Aim of the task:
Repeat the data below exactly, dropping any pictures it holds.

[[ Provided records, beginning ]]

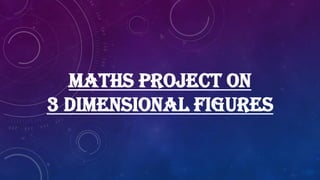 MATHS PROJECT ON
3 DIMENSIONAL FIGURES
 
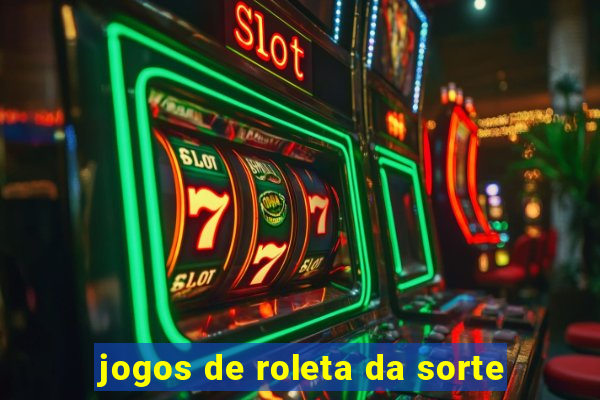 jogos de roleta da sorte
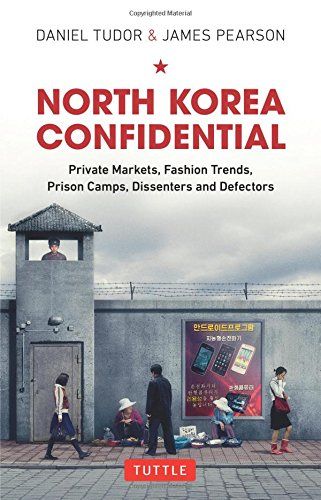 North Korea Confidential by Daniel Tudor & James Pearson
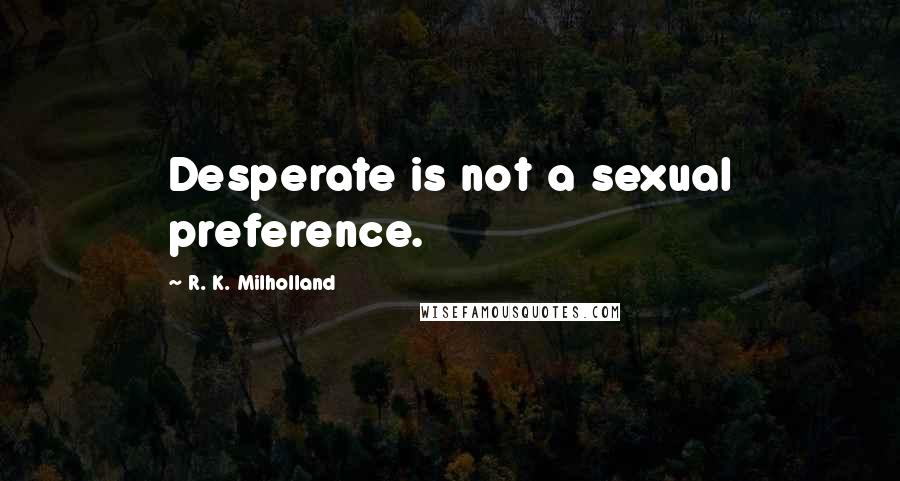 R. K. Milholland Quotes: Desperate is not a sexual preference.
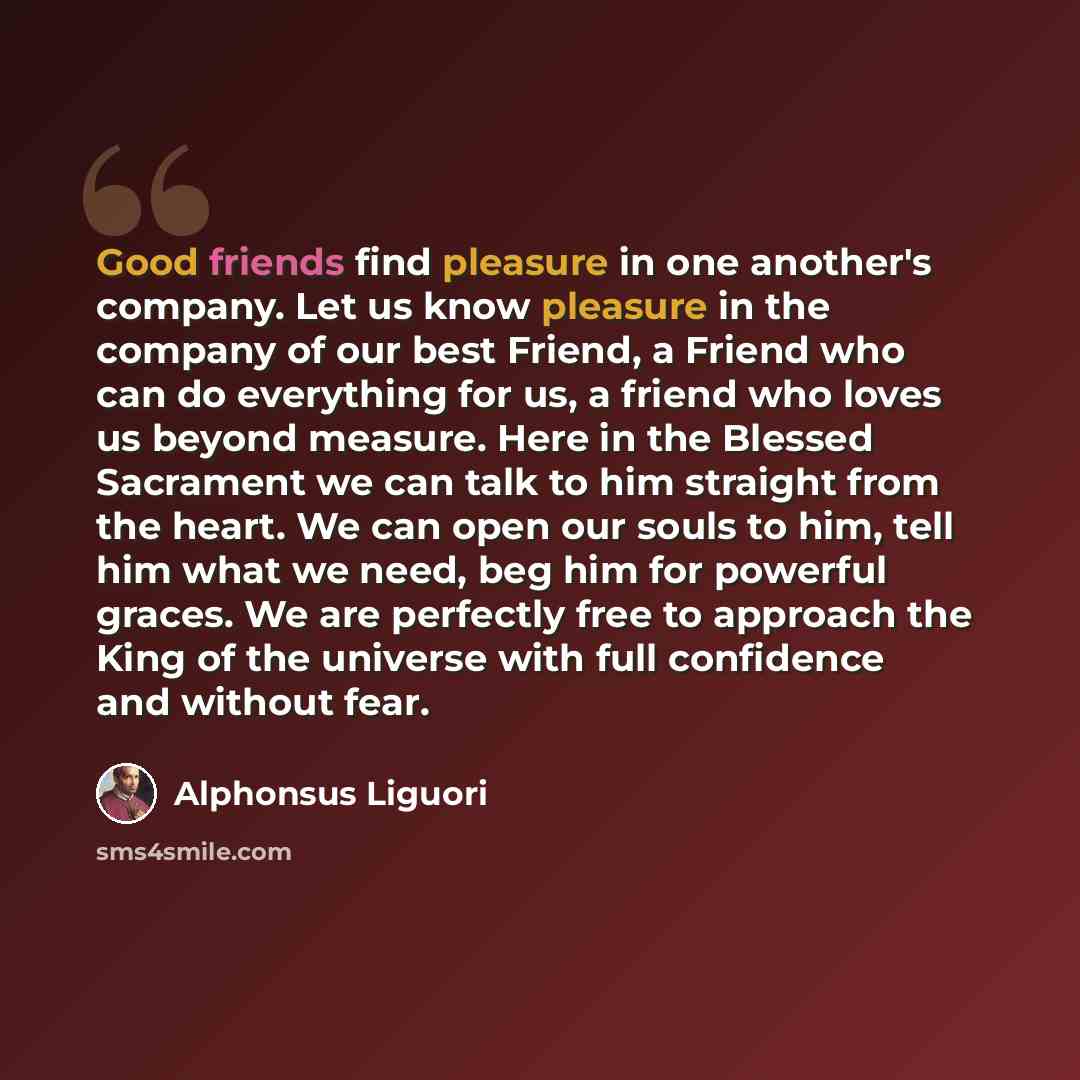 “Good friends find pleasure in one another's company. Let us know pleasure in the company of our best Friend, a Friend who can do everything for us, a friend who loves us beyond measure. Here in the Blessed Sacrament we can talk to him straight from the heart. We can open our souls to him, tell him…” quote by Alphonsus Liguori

[[ Provided records, end ]]

Task output:
 MATHS PROJECT ON
3 DIMENSIONAL FIGURES
 
 jogos de roleta da sorte
 North Korea Confidential by Daniel Tudor & James Pearson
 R. K. Milholland Quotes: Desperate is not a sexual preference.
 “Good friends find pleasure in one another's company. Let us know pleasure in the company of our best Friend, a Friend who can do everything for us, a friend who loves us beyond measure. Here in the Blessed Sacrament we can talk to him straight from the heart. We can open our souls to him, tell him…” quote by Alphonsus Liguori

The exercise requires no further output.